INPUT MATERIAL
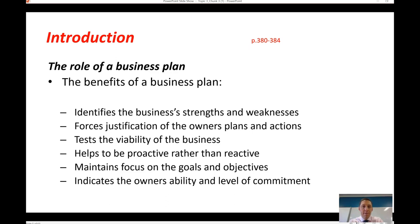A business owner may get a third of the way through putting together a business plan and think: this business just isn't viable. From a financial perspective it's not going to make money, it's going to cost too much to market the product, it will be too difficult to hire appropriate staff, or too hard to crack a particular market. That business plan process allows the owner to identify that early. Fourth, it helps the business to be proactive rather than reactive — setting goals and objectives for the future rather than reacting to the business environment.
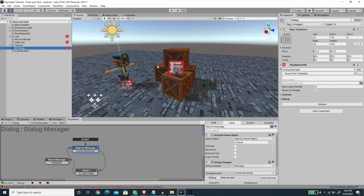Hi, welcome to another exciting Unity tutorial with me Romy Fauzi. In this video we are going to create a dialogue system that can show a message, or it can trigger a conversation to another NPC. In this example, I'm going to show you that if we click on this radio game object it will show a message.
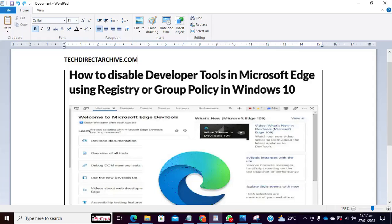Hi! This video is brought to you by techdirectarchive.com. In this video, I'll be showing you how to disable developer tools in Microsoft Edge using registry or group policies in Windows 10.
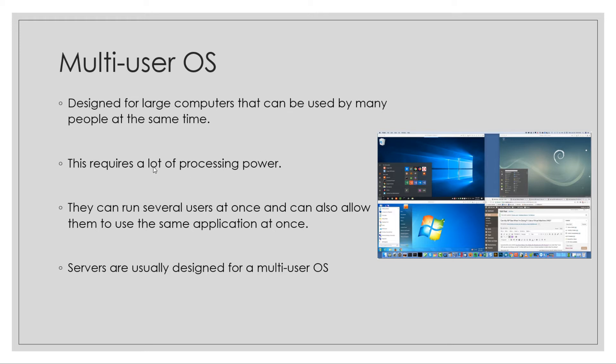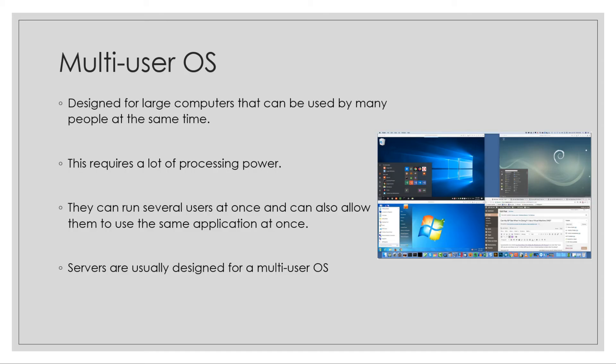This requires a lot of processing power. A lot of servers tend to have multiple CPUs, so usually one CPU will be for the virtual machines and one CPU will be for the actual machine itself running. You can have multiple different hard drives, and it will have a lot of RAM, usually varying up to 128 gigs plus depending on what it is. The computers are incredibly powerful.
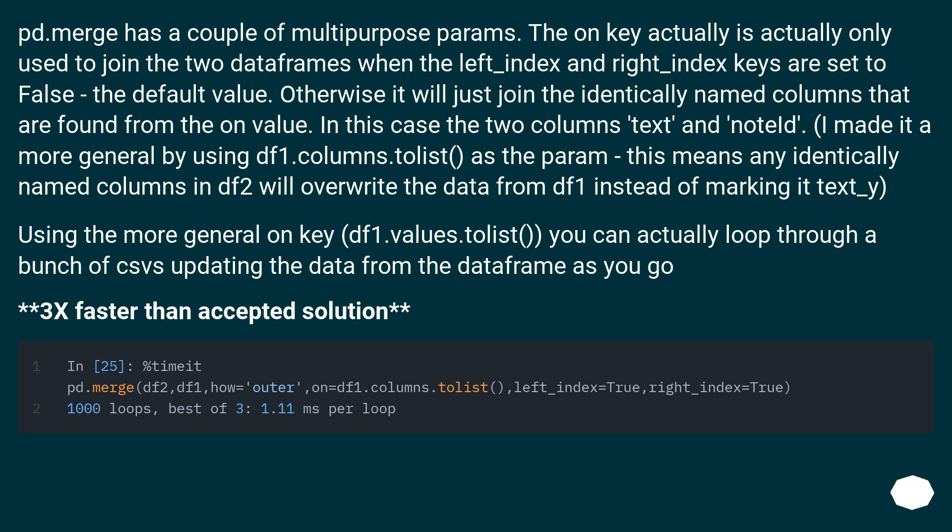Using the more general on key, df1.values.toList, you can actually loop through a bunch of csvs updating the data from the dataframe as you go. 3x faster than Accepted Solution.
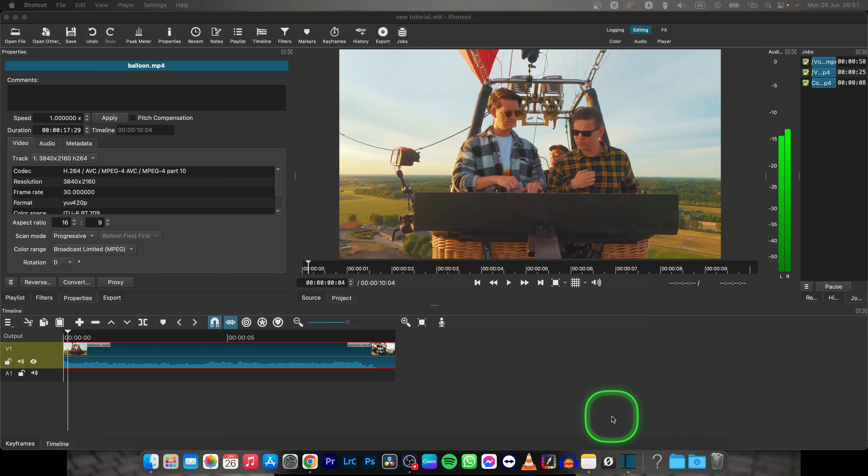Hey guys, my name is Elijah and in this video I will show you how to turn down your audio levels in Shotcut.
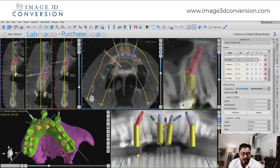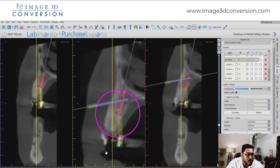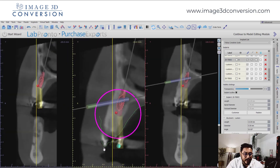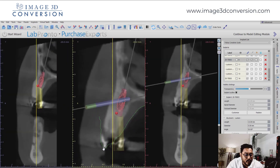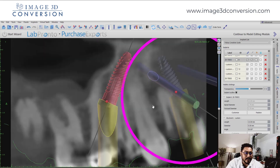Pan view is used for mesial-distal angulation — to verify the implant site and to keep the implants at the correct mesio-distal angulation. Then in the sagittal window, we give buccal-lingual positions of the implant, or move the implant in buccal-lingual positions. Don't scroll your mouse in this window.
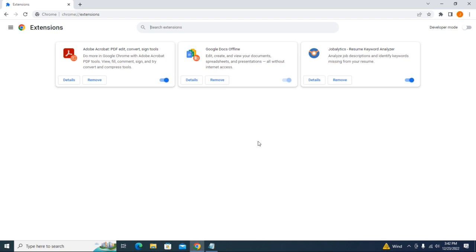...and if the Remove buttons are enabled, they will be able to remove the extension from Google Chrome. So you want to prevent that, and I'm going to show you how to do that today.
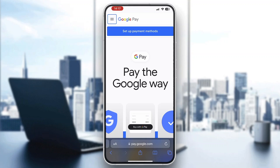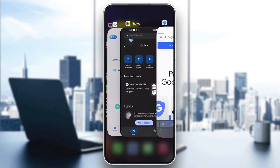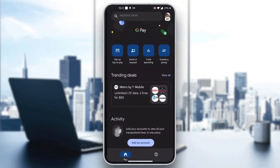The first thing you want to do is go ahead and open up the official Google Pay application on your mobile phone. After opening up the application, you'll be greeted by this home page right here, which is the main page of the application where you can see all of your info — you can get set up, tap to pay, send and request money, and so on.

==

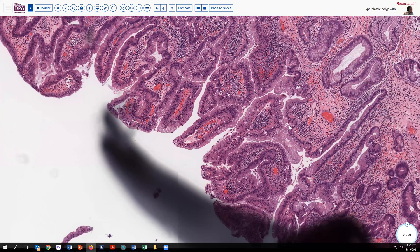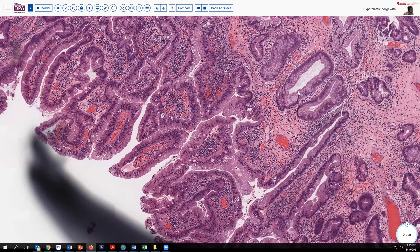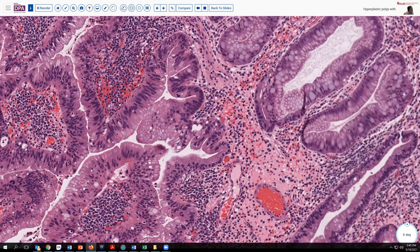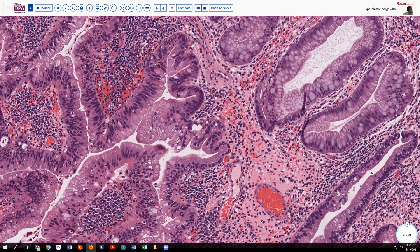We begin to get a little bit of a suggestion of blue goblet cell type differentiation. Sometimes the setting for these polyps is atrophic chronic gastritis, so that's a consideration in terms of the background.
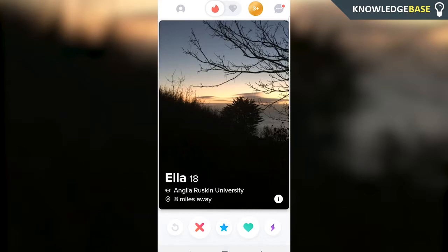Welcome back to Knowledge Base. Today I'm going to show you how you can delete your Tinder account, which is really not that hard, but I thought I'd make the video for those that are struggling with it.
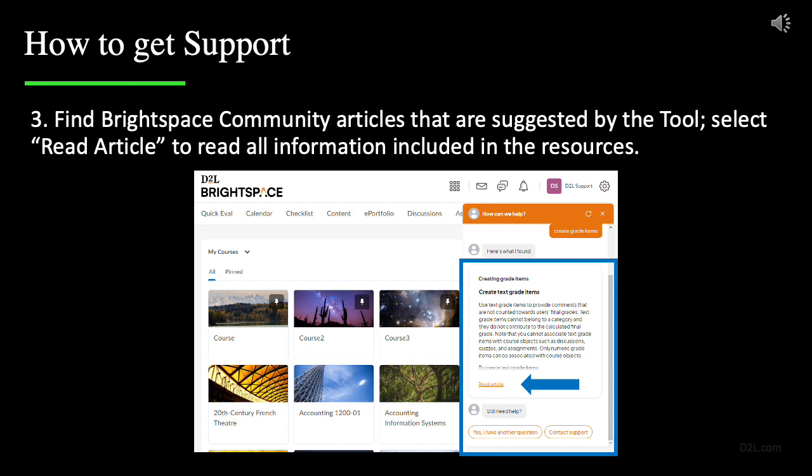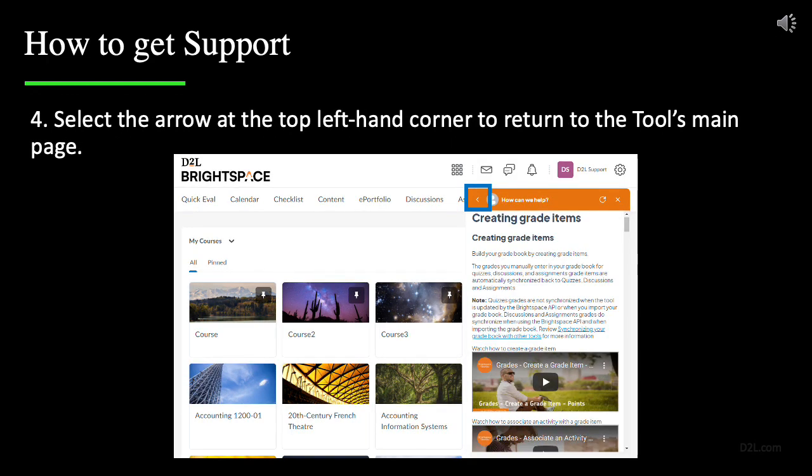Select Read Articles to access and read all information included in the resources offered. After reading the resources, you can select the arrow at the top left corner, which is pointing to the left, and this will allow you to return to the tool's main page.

* * *

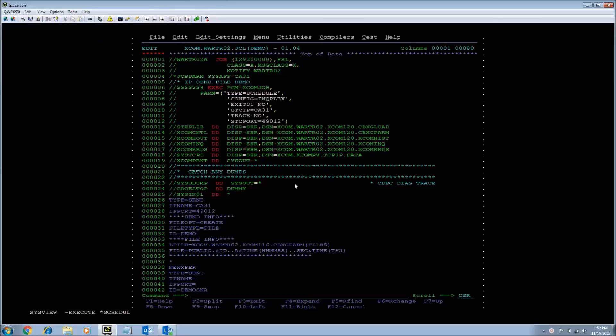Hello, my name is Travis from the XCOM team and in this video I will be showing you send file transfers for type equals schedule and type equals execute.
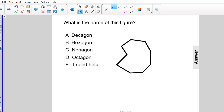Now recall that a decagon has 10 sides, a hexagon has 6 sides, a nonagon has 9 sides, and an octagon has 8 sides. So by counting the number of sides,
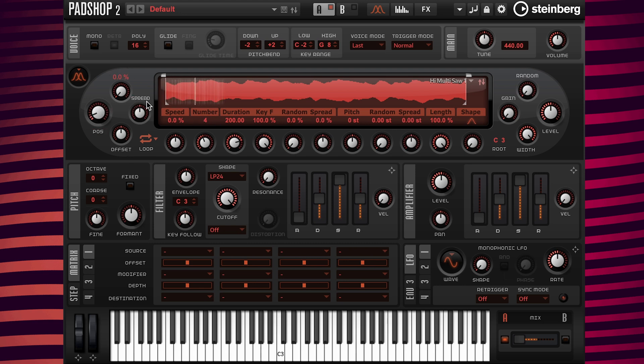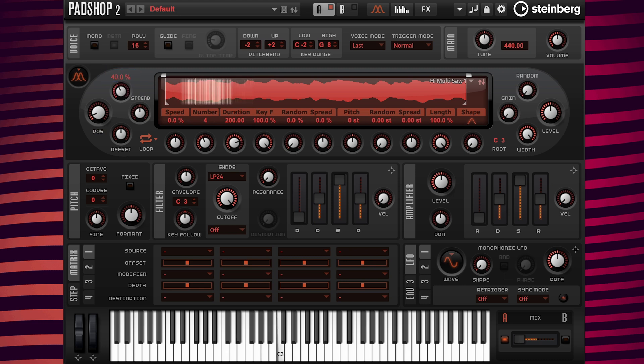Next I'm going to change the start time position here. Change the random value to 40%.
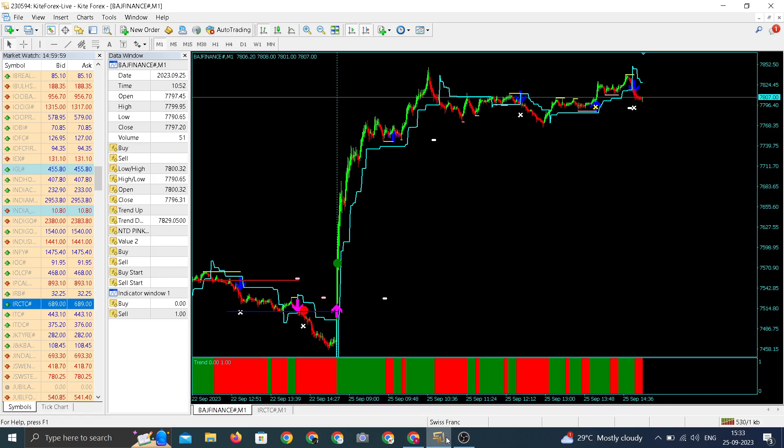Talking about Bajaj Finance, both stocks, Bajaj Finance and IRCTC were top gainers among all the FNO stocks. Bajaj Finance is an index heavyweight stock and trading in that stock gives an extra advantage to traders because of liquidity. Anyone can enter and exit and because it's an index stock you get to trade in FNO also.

THE PROBLEM
With the pictures left out, write out exactly the lines above from the one containing "A business owner" through the one containing "Hi! This video".

REPLY TO THE EXERCISE
A business owner may get a third of the way through putting together a business plan and think: this business just isn't viable. From a financial perspective it's not going to make money, it's going to cost too much to market the product, it will be too difficult to hire appropriate staff, or too hard to crack a particular market. That business plan process allows the owner to identify that early. Fourth, it helps the business to be proactive rather than reactive — setting goals and objectives for the future rather than reacting to the business environment.
Hi, welcome to another exciting Unity tutorial with me Romy Fauzi. In this video we are going to create a dialogue system that can show a message, or it can trigger a conversation to another NPC. In this example, I'm going to show you that if we click on this radio game object it will show a message.
Hi! This video is brought to you by techdirectarchive.com. In this video, I'll be showing you how to disable developer tools in Microsoft Edge using registry or group policies in Windows 10.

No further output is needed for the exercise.